In this blog post—the first in a series that will explore the open-source software dependency network—we will show that the dependency network reveals an overlooked reality in modern software development: if you are like nearly everyone else and rely on open-source software packages, your software project likely has far more dependencies than you realize.
So, let’s visualize the dependency network using the package data that we have in our platform database1. We constructed this package-to-package dependency network by collapsing all versions of a package into one node on the network. Therefore, we can think of a node as representing all versions of a package and an edge as representing a dependency that existed at some point. Importantly, edges are directed and indicate the dependency relation—e.g., if package A depends upon package B, it is represented in the network as A→B.
The large number of singleton packages in our network visualization highlights the fact that while software dependencies are ubiquitous, they are not evenly distributed across packages (Figure 2). In fact, 49.3% of packages have no dependencies and 62.2% of packages have no depending packages (i.e., the other side of a dependency: a package that depends upon it). Diving a touch deeper on these two statistics, we find that 26.9% of packages have no connections—in or out—to other packages. Still, among the remaining approximately three fourths of packages that have some connection to at least one other package, we see that the distribution of dependencies is highly skewed: many packages have a few dependencies or a few depending packages, while a few packages have many connections to other packages through dependency relationships. (This is a classic pattern in complex systems ranging from social networks to economies. In a future blog post, we’ll dive into the cool science behind this and what it means for the open-source software ecosystem!)
Counting dependencies like this only tells part of the story. Packages can directly depend on other packages, but they can also have transitive dependencies, in essence, indirect dependencies that are introduced by the dependencies of dependencies. In Figure 3, we see that package A depends upon package B, which in turn relies on package C. Therefore, when package A loads in package B, it also loads in package C under the hood. Thus, to get a true sense of package interactions in our dependency network, we also need to measure transitive dependencies like this.
When we account for both direct and transitive dependencies, we get a much different—if not a bit shocking—image of the software dependency network (Figure 4). We measured transitive dependencies up to 6 hops out from a focal package2. When accounting for direct dependencies—the traditional way of thinking about software dependency and risk in the cybersecurity industry—we see that all packages have fewer than 1,000 dependencies, with only a small handful of packages actually reaching close to that number; however, when we also account for transitive dependencies, the number of dependencies explode, revealing that many packages actually have thousands of dependencies.

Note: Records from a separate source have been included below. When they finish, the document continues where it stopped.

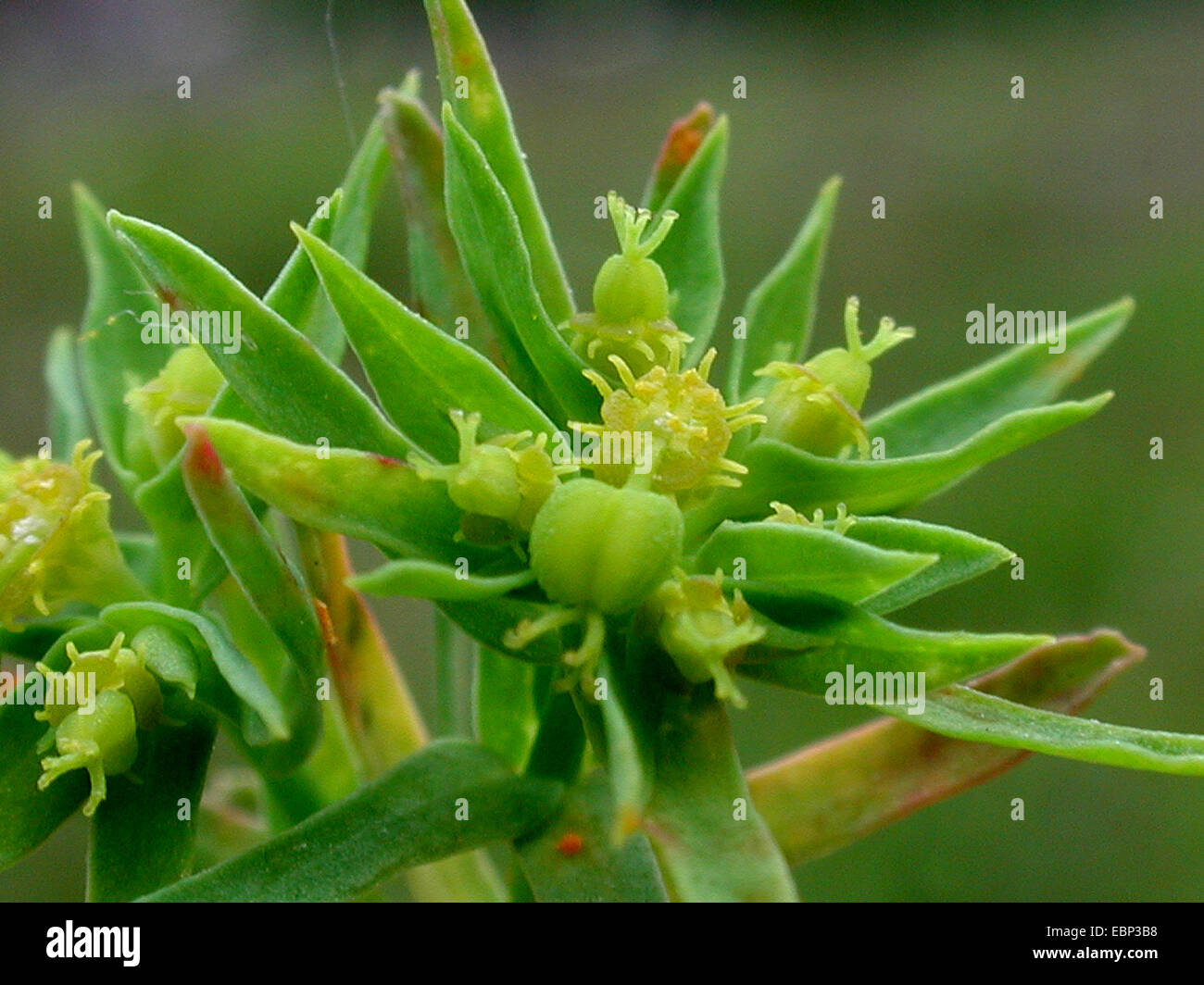 dwarf spurge, little spurge (Euphorbia exigua), blooming, Germany, North Rhine-Westphalia Stock Photo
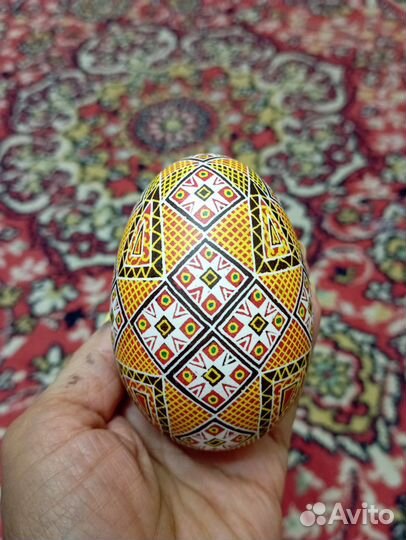 Яйцо страуса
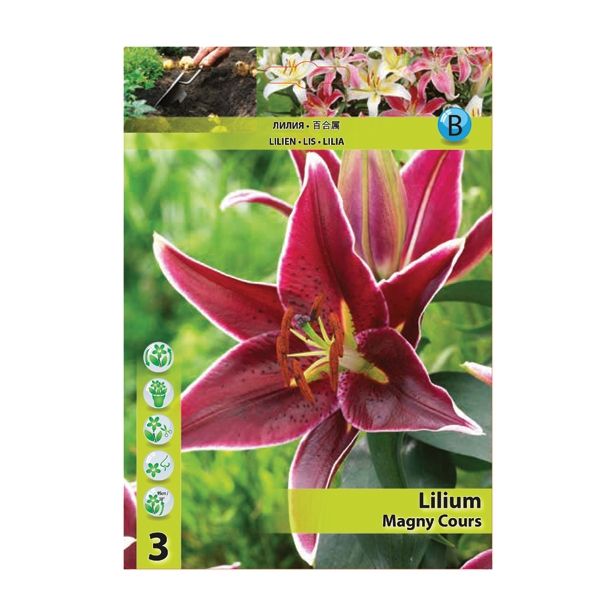 LILIJA HOLLAND BULB MARKET ORIENTALSKA MAGNY COURS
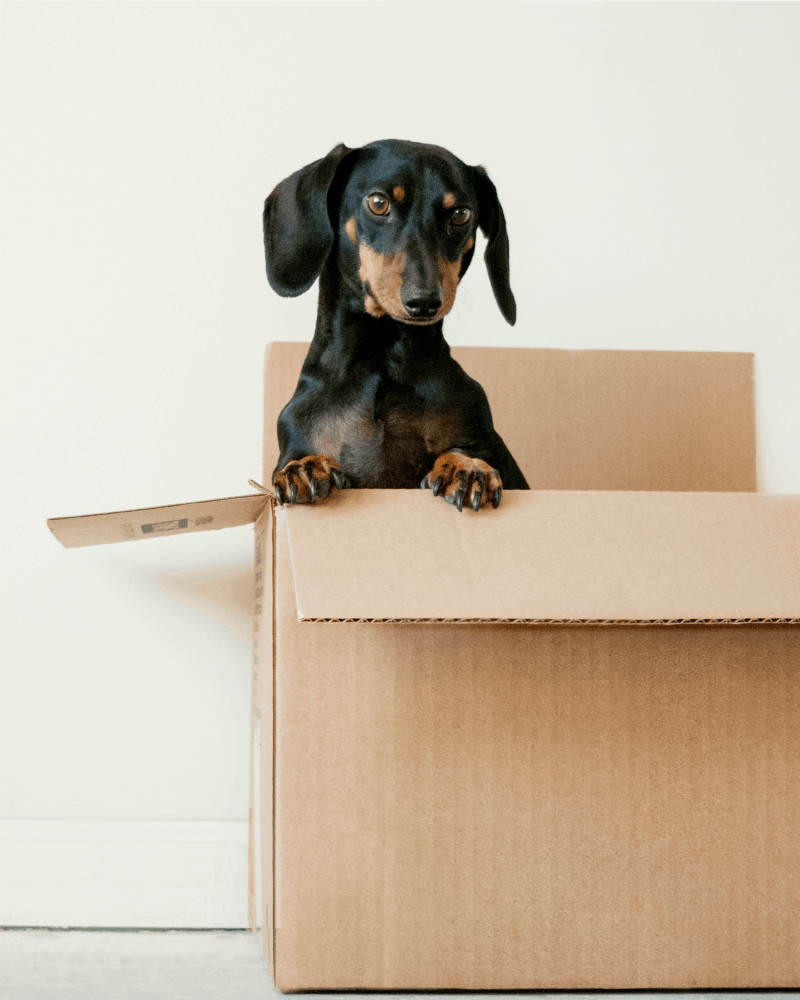 Top 10 Places to Find FREE Shipping Supplies Save Big Money Top 10 Places to Find FREE Shipping Supplies Save Big Money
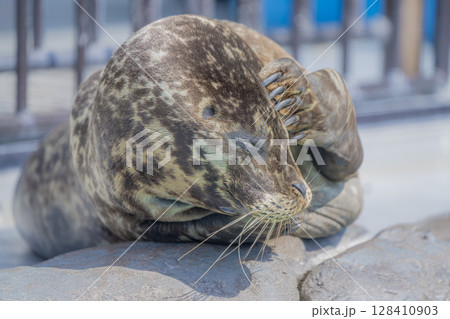 動物園の動物 動物園の動物 128410903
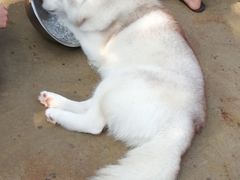 -TrueLove @ Neverland (Husky Cafe)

Well then, just how many transitive dependencies are lurking under the surface? Among packages with at least one dependency, the median package has 3 direct dependencies but 751 total dependencies when accounting for both direct and transitive dependencies (Figure 5). That is 748 transitive dependencies that are not accounted for in the mind of the developer!
Of course, we should note a quick caveat to this analysis: as we mentioned before, our dependency network collapses all versions of a package into one node. Therefore, some of these dependencies will not be present in a specific version since dependencies evolve over time for many software packages. Still, we might reasonably expect a similar order of magnitude when considering the difference between direct and transitive dependencies for a given package version. Moreover, at the very least, this analysis shows the scale of interaction between packages over time, which drives home how we miss the true scale of cybersecurity risk when we only consider direct dependencies.
The good news is that new approaches (ahem, us at Phylum!) are pushing to capture the true complexity of risk in open-source software, like the true scale of dependencies—both direct and transitive. If anything, we hope this blog post simply emphasizes the true interconnectedness of the modern open-source software ecosystem. Of course, this interconnected nature is a double-edged sword: it can be exciting—packages adding exciting new functions and features by building off previous work—but it also introduces immense risk—risk that one increasingly needs cutting-edge tools to detect and mitigate.
Stay tuned for future blog posts in which we’ll continue exploring the dependency network!
2 While a full count of transitive dependencies will need to go 10-20+ hops out, each additional hop out in the network adds exponentially more computing time. Preliminary analysis suggests that 6-8 hops out in the network captures an overwhelming majority of the total dependencies in the network. Therefore, a 6-hop measurement offers a nice middle ground between accuracy and computational expediency.